I think what made it worse here is that depositors of SVB were undiversified... If you had a bank that held deposits from various kinds of people, it's less likely that all of them would want their money out at the same time unless there was some of kind of widespread change in sentiment towards the overall financial system.
What made SVB even worse was that its customers were flush with VC cash and didn't need to borrow, so it looked elsewhere to make a return on the cash.
> Any bank will hit liquidity issues on a full-on bank run, as not 100% of a banks assets will be marketable, but central banks will provide emergency liquidity in these situations

That was not the case in the US for banks with HTM assets until the backstop program announced by the Fed in the wake of the SVB collapse.

> But banks should not hit insolvency issues like SVB did

SVB’s liquidity issues turned into solvency issues because of the absence of a liquidity backstop.

Treasuries are some of the most liquid instruments available, it is not a “liquidity” issue like “How do I line up buyers for all these weird, hard-to-price assets”.

And the measure put in place by the Fed is not a liquidity back stop, it is a value/solvency bailout, or kind of capital infusion. This is what SVB was trying to do on Wednesday, raise capital. That should tell you it is not a liquidity problem.

I think you may be confusing FDIC actions.

One of the actions was a program to loan against the full value of long term assets at term price instead of current market value.

Maybe we are just quibbling over the definition of liquidity. long term treasuries and MBS can be easily sold, but you may take a substantial loss in doing so instead of holding to maturity.

Not confusing the two, and maybe it is quibbling but changes in market value have nothing to do with liquidity as that term is used in finance.

Just because you can't sell a bond at par doesn't mean it is an illiquid market.

There's a certain amount of risk with all lending and investment that banks do with deposit funds. This can be home loans, government bonds, and other relatively safe products.

I don't think it should be up to the government to back these risks, because if banks think the government will always rescue them, they don't need to care as much about risky investments.

You could argue that it is depositor money, so they're not really saving the bank, they're saving customers. But if banks don't have to care about their risk profile, customers will deposit their money in whatever bank is offering the greatest interest rates, which will likely be those that are making the riskiest investments, which could lead to more bank failures with market swings.

> I don't think it should be up to the government to back these risks, because if banks think the government will always rescue them, they don't need to care as much about risky investments.

Counterpoint - if depositors had known that the bank could not lose their money, because the government will back it, there would be no run on the bank. Why bother? It's _safe_ by design. I do agree with the general point, and there are huge questions around capitalisation and marking with long term debt etc.

What's most interesting here to me is the inaction within SVB when they could have been fixing these problems for survivable losses early, but instead tried to ride the storm.

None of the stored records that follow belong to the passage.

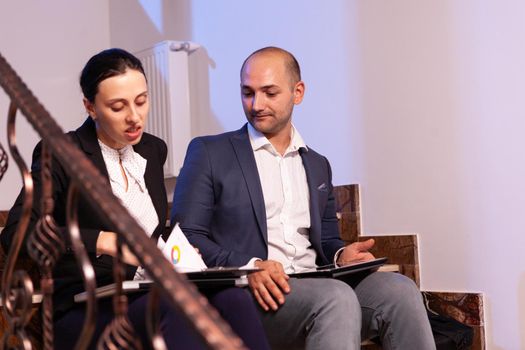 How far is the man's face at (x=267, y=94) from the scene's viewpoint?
2.83 meters

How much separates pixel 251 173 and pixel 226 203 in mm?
132

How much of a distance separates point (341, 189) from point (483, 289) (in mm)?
809

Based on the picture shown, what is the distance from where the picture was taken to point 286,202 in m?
2.82

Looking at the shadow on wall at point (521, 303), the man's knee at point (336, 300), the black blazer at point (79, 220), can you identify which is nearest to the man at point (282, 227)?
the man's knee at point (336, 300)

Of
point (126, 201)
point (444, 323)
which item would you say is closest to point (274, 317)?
point (126, 201)

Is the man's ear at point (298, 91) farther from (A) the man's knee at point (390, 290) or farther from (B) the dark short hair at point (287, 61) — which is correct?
(A) the man's knee at point (390, 290)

I'd love to read some of those meeting minutes...

This isn't really feasible. Bank executives will fill fight the regulations that stabilize their bank against market swings, and citizens will demand that the government do something when irresponsible bank executives lose their life savings. Banking regulations, like most regulations, are written in blood, but for some reason, the banking sector is the most adept at getting regulations overturned.

So the resulting system is a patchwork of solutions that force the government into the role of rescuer. It's just too difficult to get most regulations to stick long enough to prevent another banking crisis. Barring a Constitutional amendment to create a banking "tsar" with broad authority and who reports to no-one (i.e., non-political), the best solution we have is to have the government step in when banks inevitably fail.